Trade payables and other non-derivative financial liabilities are generally measured at amortized cost using the effective interest method. The Company has not yet made use of the option to designate financial liabilities upon initial recognition as financial liabilities at fair value through profit or loss. Gains and losses are recognized in profit or loss when the liabilities are derecognized as well as through the amortisation process. Financial liabilities are derecognized when the obligation under the liability is discharged, cancelled or expires.

Other liabilities are generally measured at amortized cost using the effective interest method.

Dividend distribution to the Company's shareholder is recognized as a liability in the financial statement in the period in which the dividends are approved by the Company's shareholders.

Provisions are recognized when the company has a present obligation as a result of a past event, it is probable that an outflow of resources embodying economic benefits will be required to settle the obligation and a reliable estimate can be made of the amount of the obligation.
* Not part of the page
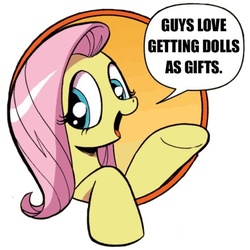 Size: 440x440 | Tagged: safe, idw, fluttershy, pony, friendship is magic #3, g4, my little pony: friendship is magic (idw), bad advice fluttershy, exploitable meme, meme, solo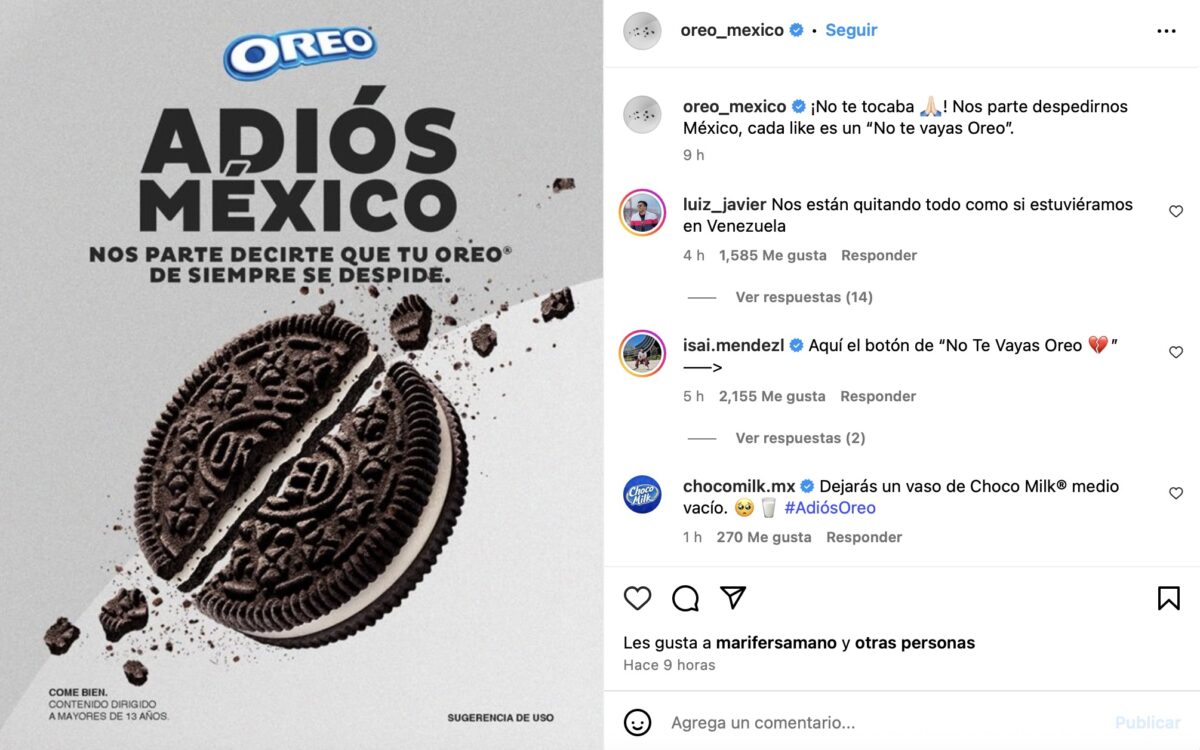 Las populares galletas Oreo se 'despidieron' de México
Interest income (expense) is recognized as it accrues, using the effective interest method.

Other financial income (expense) includes gains (losses) from derivative financial instruments and from foreign exchange. Foreign-currency transactions are translated into the functional currency at the exchange rate at the date of transaction. At statement of financial position dates, monetary items are translated at the closing rate, and non-monetary items are translated at the exchange rate at the date of transaction. Exchange rate differences are recognized in other financial income (expense) in profit or loss.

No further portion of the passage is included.